Confiantes na excelente direção
do Sr. Jorge cortamos as estradas do Estado, muitas em precárias
condições de uso. Desviando crateras, buracos, animais e
a falta de acostamento percorremos três mil seiscentos e
vinte quilômetros de cidadania e terminamos vivos e felizes
com o resultado. Não tínhamos horário fixo para sair ou
chegar, tudo dependia da distância. Mas os horários de partida,
quando decididos, eram respeitados e íamos sonolentos em
direção a cidade que nos esperava.
Em cada local nos aguardava
uma equipe com programação extensa a ser cumprida. Muitas
vezes viajamos cinco ou seis horas, sem parar, alimentados
pelos providenciais e minúsculos lanches de Geruza, embalados
pela escolha musical de Edleusa e divertidos pela preocupação
de Aluísio para que tudo funcionasse a contento e de Antonino
por espaço para lançar o jornal Tecido Social. Chegávamos
sempre na hora exata e logo começávamos a cumprir a nossa
agenda. Não havia tempo para curtir cansaço, pois o entusiasmo
da informação nos alimentava.
Não se pode conhecer uma casa
se ficamos apenas na sala de visitas, comendo docinhos e
nos deliciando com cafezinho, licor e um bom papo. Temos
que circular até o quintal e conhecer a história dos seus
habitantes. Assim pensamos e assim fizemos em cada cidade
visitada. Fomos recebidos pelos Prefeitos/as.
Sentamos nas Câmaras de Vereadores, nos auditórios - com
as mais diversas platéias - nas escolas, promotorias, delegacias,
presídios, hospitais, assentamentos, favelas e até lixões.
Observamos, ouvimos e discutimos os problemas de cada grupo,
de cada comunidade, de cada cidadão.
Vimos seres humanos como animais
irracionais disputando com seus semelhantes alimentos retirados
dos lixões.
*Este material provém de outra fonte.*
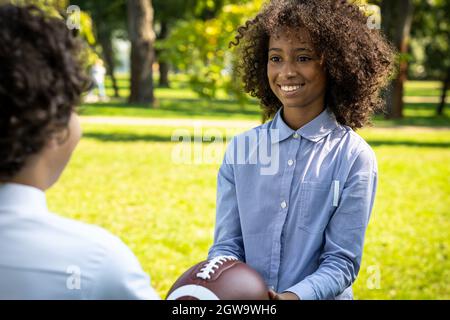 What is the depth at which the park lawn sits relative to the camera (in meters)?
5.65

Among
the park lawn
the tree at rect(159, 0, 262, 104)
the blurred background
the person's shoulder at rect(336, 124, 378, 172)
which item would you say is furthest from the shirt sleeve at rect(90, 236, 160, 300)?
the tree at rect(159, 0, 262, 104)

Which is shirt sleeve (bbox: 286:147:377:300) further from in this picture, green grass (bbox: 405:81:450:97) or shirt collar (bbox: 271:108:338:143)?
green grass (bbox: 405:81:450:97)

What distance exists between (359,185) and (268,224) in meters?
0.38

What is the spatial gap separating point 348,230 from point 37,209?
4.28ft

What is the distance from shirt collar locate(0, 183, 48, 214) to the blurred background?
0.42 m

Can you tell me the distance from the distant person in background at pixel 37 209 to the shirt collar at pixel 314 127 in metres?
1.23

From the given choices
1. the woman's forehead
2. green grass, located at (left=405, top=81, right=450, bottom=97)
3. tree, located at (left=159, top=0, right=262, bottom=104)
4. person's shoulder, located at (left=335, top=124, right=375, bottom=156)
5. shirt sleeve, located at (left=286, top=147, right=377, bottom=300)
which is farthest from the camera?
green grass, located at (left=405, top=81, right=450, bottom=97)

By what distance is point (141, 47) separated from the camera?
62.1ft

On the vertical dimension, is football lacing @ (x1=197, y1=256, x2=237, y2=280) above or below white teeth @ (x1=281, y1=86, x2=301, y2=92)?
below

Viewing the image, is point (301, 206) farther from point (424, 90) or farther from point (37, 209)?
point (424, 90)

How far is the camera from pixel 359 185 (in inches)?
98.3

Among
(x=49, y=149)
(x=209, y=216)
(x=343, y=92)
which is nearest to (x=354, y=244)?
(x=343, y=92)

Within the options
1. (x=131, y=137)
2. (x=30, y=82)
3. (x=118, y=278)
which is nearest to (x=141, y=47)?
(x=131, y=137) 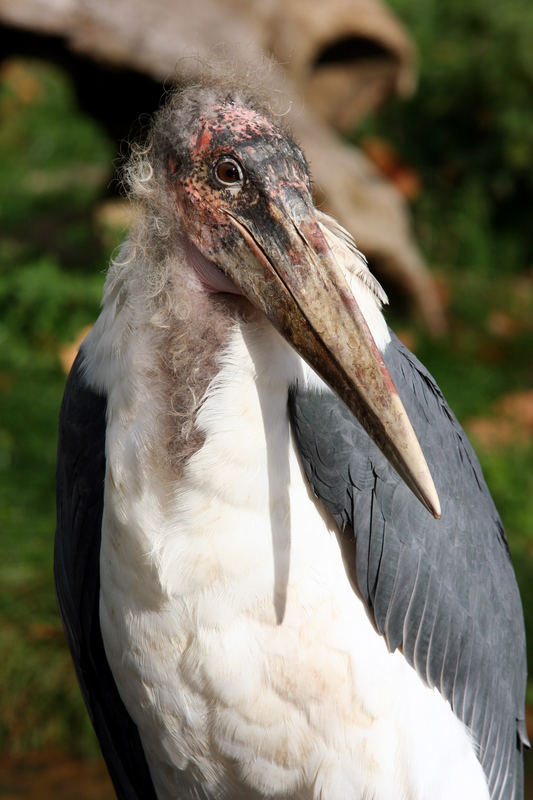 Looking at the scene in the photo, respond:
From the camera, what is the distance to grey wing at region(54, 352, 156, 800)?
235 centimetres

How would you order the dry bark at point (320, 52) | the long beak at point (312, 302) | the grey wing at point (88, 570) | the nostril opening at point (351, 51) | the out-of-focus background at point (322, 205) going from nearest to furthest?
1. the long beak at point (312, 302)
2. the grey wing at point (88, 570)
3. the out-of-focus background at point (322, 205)
4. the dry bark at point (320, 52)
5. the nostril opening at point (351, 51)

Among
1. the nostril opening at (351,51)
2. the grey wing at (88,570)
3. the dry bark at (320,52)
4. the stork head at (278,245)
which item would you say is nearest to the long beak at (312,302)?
the stork head at (278,245)

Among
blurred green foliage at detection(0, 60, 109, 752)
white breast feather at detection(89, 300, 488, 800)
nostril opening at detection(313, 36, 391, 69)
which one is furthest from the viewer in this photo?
nostril opening at detection(313, 36, 391, 69)

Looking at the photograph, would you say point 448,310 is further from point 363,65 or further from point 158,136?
point 158,136

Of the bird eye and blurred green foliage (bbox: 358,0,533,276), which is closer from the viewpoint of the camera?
the bird eye

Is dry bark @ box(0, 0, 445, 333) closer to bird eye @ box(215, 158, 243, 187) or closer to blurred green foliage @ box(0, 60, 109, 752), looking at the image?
blurred green foliage @ box(0, 60, 109, 752)

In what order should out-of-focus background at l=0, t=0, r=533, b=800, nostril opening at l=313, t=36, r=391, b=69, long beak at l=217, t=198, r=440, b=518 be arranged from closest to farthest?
long beak at l=217, t=198, r=440, b=518, out-of-focus background at l=0, t=0, r=533, b=800, nostril opening at l=313, t=36, r=391, b=69

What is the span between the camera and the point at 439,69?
7.09 m

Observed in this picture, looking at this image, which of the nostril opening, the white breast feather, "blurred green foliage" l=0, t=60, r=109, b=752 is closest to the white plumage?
the white breast feather

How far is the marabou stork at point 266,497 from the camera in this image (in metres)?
1.96

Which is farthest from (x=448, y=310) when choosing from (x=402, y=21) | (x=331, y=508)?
(x=331, y=508)

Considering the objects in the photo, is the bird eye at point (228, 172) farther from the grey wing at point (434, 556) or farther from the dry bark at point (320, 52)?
the dry bark at point (320, 52)

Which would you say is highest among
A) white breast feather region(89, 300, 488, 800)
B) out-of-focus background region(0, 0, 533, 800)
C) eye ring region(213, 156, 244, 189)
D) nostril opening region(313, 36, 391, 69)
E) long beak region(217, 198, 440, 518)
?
nostril opening region(313, 36, 391, 69)

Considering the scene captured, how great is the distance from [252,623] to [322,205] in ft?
7.19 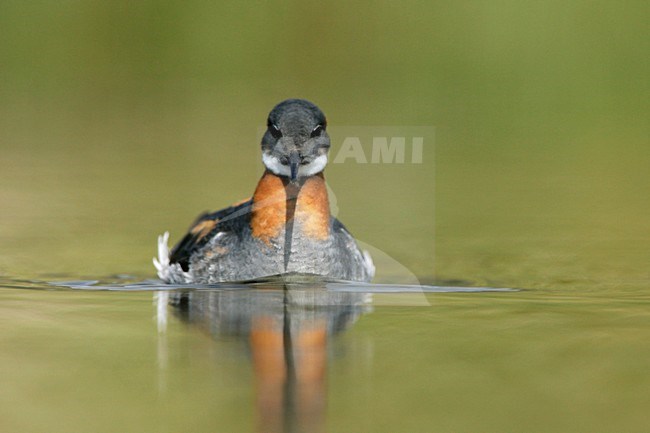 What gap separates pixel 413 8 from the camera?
17891 mm

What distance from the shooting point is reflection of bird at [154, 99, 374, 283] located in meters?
8.75

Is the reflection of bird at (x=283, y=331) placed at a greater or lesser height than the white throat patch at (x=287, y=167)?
lesser

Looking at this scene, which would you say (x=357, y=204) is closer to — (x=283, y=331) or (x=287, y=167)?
(x=287, y=167)

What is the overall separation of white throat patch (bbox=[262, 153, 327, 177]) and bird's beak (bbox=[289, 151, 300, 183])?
0.29 m

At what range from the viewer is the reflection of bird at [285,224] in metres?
8.75

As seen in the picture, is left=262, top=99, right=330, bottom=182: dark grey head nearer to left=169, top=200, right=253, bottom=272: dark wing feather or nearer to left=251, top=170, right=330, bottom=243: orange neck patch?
left=251, top=170, right=330, bottom=243: orange neck patch

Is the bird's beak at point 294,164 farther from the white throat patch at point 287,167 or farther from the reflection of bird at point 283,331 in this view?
the reflection of bird at point 283,331

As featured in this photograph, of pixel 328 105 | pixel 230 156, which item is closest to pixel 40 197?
pixel 230 156

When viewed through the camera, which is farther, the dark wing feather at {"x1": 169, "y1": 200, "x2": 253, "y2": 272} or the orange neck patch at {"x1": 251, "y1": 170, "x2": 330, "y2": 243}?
the dark wing feather at {"x1": 169, "y1": 200, "x2": 253, "y2": 272}

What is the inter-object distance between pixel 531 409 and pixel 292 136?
421cm

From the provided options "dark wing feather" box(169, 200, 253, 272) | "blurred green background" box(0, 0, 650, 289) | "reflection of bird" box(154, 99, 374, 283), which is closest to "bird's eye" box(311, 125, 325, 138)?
"reflection of bird" box(154, 99, 374, 283)

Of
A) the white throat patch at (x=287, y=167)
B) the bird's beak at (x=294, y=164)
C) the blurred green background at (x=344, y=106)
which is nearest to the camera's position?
the bird's beak at (x=294, y=164)

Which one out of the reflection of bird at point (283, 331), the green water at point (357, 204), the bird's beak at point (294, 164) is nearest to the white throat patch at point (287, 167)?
the bird's beak at point (294, 164)

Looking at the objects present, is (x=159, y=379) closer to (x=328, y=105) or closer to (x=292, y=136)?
(x=292, y=136) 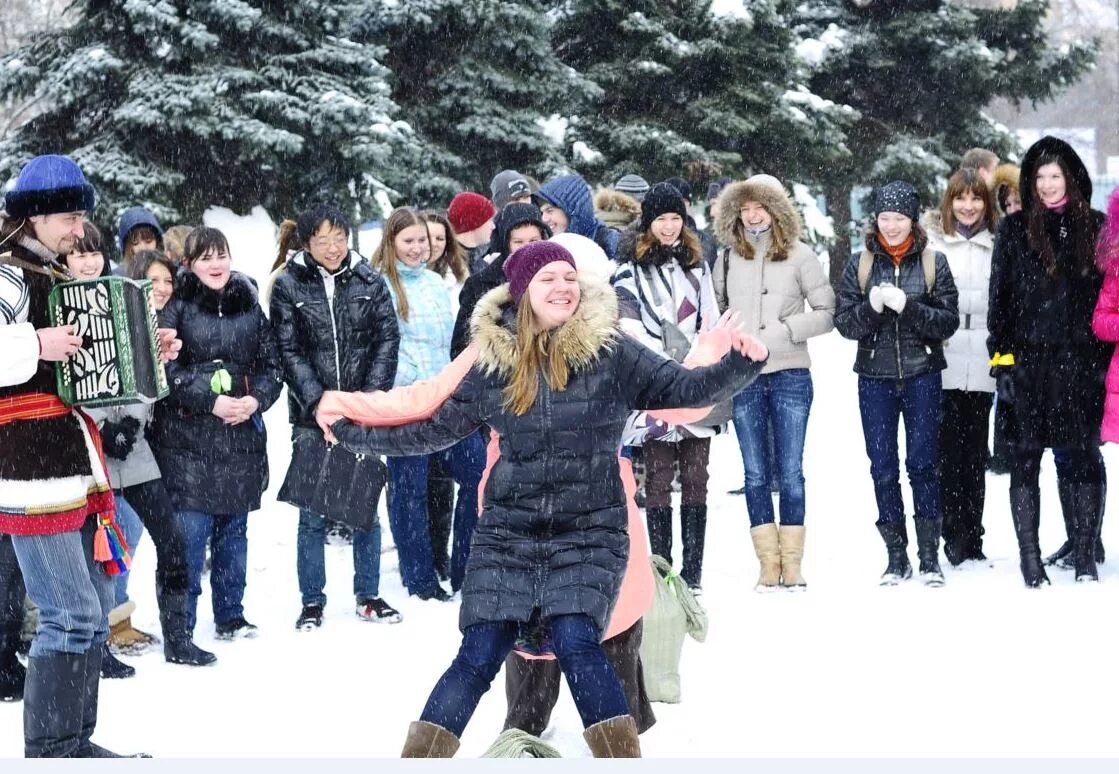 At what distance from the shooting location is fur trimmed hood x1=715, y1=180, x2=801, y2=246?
8.17 m

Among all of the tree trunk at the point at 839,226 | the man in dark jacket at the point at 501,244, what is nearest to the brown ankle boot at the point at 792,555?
the man in dark jacket at the point at 501,244

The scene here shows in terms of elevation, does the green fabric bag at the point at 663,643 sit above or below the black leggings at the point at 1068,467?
below

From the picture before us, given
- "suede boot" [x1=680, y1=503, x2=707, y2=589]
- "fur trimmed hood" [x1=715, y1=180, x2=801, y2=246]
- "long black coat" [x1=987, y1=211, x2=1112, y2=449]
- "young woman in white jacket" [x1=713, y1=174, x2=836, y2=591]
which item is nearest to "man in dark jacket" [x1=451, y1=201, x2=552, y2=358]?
"fur trimmed hood" [x1=715, y1=180, x2=801, y2=246]

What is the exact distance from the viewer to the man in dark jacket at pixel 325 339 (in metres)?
7.61

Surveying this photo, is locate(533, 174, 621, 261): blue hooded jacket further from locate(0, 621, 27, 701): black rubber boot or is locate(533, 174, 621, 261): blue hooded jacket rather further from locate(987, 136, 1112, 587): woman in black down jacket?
locate(0, 621, 27, 701): black rubber boot

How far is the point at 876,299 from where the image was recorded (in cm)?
789

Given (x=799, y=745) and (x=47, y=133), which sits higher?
(x=47, y=133)

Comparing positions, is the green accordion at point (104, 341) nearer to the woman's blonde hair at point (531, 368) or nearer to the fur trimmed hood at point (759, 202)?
the woman's blonde hair at point (531, 368)

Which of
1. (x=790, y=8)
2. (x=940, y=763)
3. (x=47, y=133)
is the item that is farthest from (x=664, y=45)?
(x=940, y=763)

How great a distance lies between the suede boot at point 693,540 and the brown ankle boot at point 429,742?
3767 mm

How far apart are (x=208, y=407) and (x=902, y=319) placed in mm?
3615

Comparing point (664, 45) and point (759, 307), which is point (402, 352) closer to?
point (759, 307)

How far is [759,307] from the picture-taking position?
8.23 meters

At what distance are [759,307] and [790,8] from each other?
51.7ft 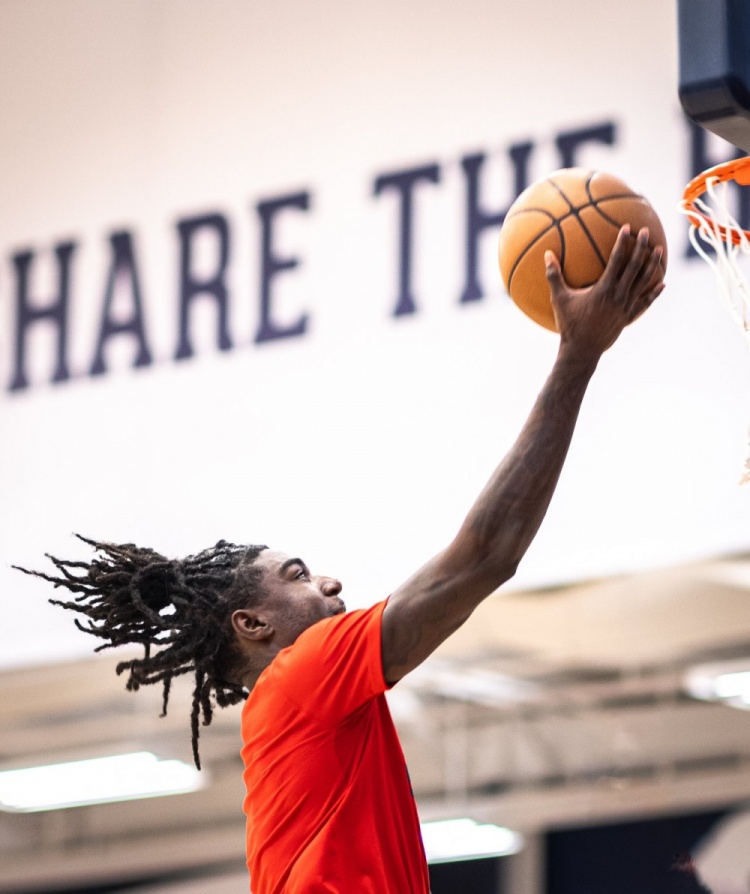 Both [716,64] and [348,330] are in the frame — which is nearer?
[716,64]

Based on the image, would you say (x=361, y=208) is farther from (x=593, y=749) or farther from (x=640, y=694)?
(x=593, y=749)

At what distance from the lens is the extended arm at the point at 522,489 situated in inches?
115

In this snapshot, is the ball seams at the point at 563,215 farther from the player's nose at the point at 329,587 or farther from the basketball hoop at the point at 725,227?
the player's nose at the point at 329,587

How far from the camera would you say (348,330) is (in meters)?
7.39

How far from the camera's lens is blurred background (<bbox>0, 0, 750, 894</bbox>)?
6598mm

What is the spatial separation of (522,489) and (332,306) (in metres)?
4.61

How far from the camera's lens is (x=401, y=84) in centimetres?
750

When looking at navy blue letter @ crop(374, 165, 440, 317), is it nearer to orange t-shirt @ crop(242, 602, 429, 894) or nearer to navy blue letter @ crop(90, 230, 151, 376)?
navy blue letter @ crop(90, 230, 151, 376)

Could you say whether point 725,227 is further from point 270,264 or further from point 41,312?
point 41,312

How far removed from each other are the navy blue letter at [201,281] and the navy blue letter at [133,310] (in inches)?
8.6

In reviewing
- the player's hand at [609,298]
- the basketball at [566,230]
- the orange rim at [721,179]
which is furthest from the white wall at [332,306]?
the player's hand at [609,298]

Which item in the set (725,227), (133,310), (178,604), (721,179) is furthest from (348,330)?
(178,604)

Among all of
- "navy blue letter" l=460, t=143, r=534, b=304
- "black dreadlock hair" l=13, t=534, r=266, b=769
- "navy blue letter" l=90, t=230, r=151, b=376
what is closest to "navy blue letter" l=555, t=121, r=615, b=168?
"navy blue letter" l=460, t=143, r=534, b=304

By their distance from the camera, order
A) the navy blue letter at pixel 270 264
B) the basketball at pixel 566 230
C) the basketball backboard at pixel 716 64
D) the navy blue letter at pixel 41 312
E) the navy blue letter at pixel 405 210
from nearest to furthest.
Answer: the basketball at pixel 566 230 < the basketball backboard at pixel 716 64 < the navy blue letter at pixel 405 210 < the navy blue letter at pixel 270 264 < the navy blue letter at pixel 41 312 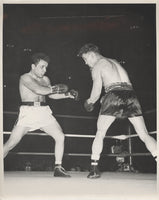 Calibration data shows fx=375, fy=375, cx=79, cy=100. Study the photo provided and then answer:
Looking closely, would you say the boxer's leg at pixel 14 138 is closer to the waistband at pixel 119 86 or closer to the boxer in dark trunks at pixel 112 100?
the boxer in dark trunks at pixel 112 100

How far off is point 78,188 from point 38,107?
0.77m

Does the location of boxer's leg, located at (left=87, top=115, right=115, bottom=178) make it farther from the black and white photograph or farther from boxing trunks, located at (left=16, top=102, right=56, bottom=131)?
boxing trunks, located at (left=16, top=102, right=56, bottom=131)

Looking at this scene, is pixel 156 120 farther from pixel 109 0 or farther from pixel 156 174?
pixel 109 0

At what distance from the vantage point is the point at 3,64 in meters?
3.26

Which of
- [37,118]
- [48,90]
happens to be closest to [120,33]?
[48,90]

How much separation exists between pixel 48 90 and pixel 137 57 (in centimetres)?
83

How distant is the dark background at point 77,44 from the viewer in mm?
3248

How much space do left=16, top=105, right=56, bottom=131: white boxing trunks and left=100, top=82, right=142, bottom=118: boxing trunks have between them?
1.57 feet

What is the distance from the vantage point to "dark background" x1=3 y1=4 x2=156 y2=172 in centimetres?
325

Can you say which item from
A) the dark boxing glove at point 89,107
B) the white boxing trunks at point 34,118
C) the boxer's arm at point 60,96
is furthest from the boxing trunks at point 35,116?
the dark boxing glove at point 89,107

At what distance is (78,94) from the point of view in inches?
128

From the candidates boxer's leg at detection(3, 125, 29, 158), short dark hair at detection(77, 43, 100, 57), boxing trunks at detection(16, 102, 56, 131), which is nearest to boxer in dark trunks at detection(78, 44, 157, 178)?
short dark hair at detection(77, 43, 100, 57)

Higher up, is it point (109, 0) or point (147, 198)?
point (109, 0)

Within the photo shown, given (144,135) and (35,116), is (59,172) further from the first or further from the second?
(144,135) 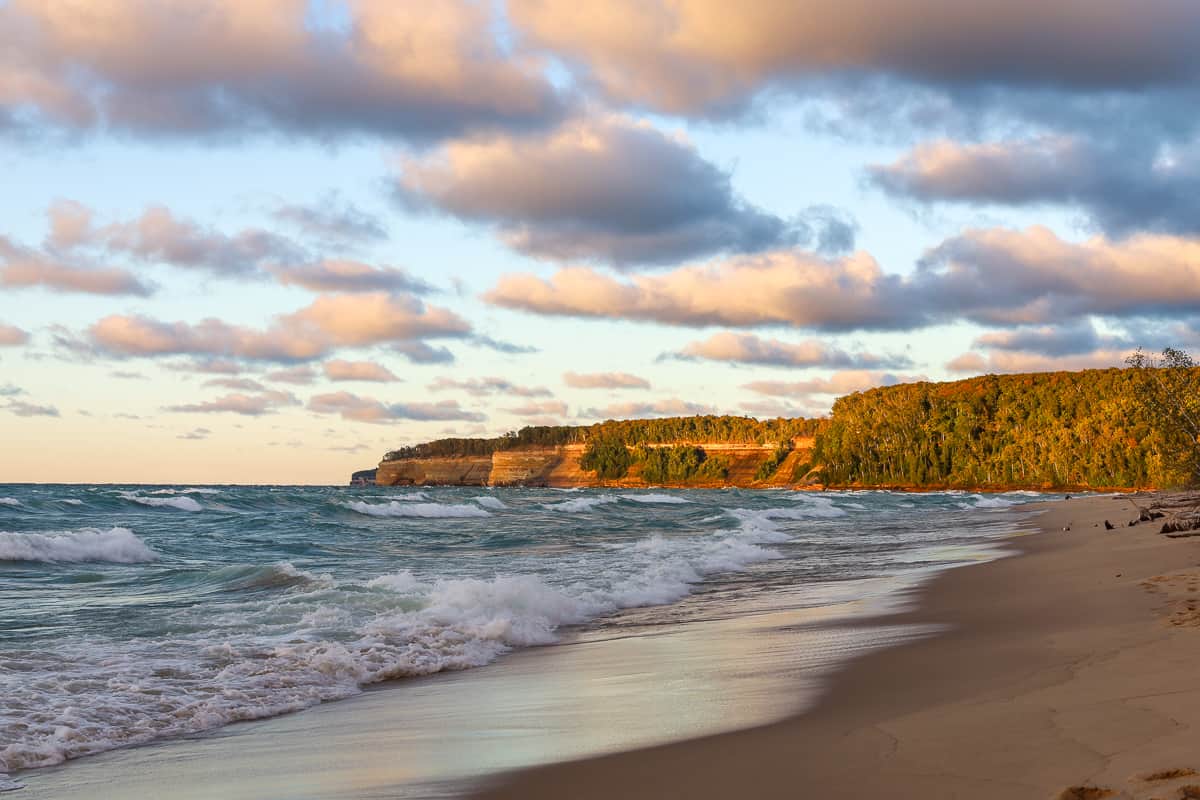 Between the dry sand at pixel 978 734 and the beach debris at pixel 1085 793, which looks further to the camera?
the dry sand at pixel 978 734

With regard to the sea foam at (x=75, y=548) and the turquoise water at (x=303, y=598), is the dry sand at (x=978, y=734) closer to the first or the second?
the turquoise water at (x=303, y=598)

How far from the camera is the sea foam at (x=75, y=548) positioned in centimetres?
2116

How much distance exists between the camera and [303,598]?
13344 mm

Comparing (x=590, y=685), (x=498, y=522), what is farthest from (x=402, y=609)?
(x=498, y=522)

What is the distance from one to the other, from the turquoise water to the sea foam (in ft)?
0.14

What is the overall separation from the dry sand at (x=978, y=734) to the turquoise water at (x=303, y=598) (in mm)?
3915

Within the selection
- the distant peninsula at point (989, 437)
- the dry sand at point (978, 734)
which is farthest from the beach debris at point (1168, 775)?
the distant peninsula at point (989, 437)

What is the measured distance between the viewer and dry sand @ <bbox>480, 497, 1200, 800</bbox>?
403cm

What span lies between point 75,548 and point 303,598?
11337 millimetres

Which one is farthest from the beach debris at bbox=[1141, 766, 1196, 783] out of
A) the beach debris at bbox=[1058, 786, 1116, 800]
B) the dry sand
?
the beach debris at bbox=[1058, 786, 1116, 800]

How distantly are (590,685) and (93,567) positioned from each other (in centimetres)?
1566

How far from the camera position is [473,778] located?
16.4 feet

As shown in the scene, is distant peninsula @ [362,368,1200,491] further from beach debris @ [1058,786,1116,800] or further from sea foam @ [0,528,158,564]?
beach debris @ [1058,786,1116,800]

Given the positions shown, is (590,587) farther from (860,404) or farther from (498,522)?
(860,404) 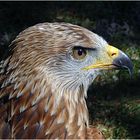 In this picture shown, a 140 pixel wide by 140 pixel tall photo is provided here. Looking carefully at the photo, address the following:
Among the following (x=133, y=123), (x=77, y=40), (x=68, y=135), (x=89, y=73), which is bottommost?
(x=133, y=123)

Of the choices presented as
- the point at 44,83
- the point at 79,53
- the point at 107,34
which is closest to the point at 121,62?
the point at 79,53

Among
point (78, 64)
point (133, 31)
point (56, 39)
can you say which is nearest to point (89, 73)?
point (78, 64)

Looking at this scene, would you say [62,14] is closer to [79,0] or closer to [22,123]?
[79,0]

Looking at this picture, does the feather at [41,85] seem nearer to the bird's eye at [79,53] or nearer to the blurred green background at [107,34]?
the bird's eye at [79,53]

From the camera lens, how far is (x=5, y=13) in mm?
8859

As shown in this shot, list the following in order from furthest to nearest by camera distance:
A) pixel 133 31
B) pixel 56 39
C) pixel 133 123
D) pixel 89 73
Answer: pixel 133 31, pixel 133 123, pixel 89 73, pixel 56 39

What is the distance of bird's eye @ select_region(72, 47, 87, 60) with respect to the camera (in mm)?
4215

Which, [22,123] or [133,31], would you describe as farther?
[133,31]

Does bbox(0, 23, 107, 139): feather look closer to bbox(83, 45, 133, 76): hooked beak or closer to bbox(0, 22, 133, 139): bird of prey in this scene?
bbox(0, 22, 133, 139): bird of prey

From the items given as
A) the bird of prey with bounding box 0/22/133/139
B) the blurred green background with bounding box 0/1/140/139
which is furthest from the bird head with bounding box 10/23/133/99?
the blurred green background with bounding box 0/1/140/139

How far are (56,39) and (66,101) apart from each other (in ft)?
1.50

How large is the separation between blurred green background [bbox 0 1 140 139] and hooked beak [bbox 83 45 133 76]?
2.21 meters

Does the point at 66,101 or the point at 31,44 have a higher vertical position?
the point at 31,44

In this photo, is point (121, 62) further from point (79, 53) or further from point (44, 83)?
point (44, 83) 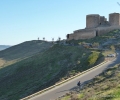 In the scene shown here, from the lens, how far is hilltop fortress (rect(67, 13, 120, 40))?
213 ft

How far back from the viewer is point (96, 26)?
69625 mm

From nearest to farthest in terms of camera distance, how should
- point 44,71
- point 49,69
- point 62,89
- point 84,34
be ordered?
point 62,89 → point 44,71 → point 49,69 → point 84,34

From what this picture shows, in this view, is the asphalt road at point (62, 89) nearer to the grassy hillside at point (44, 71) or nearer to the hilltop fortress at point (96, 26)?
the grassy hillside at point (44, 71)

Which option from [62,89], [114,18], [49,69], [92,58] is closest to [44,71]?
[49,69]

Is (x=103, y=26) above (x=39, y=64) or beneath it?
above

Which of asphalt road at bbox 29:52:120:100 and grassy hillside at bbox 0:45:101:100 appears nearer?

Enquanto isto, outros mais privilegiados, divirtiam-se
em belíssimas e bem cuidadas praças. Encontramos prisões
desumanas, sem ventilação, com portas de aço, mau cheiro
e calor de mais de quarenta graus. Os Delegados, agentes
e policiais sem condições dignas de trabalho, muitas vezes
com esforço sobre-humano, tentando cumprir suas obrigações.
Delegacias onde, em algumas celas devassadas, encontram-se
mulheres em exposição para os que passam, sem nenhuma privacidade.
A violência é generalizada e a insegurança campeia. Em alguns
lugares denúncias de violência policial. Isto nós choca,
pois é deles que se espera proteção. A violência contra
as mulheres é rotina. Ela existe sim, mas onde denunciar?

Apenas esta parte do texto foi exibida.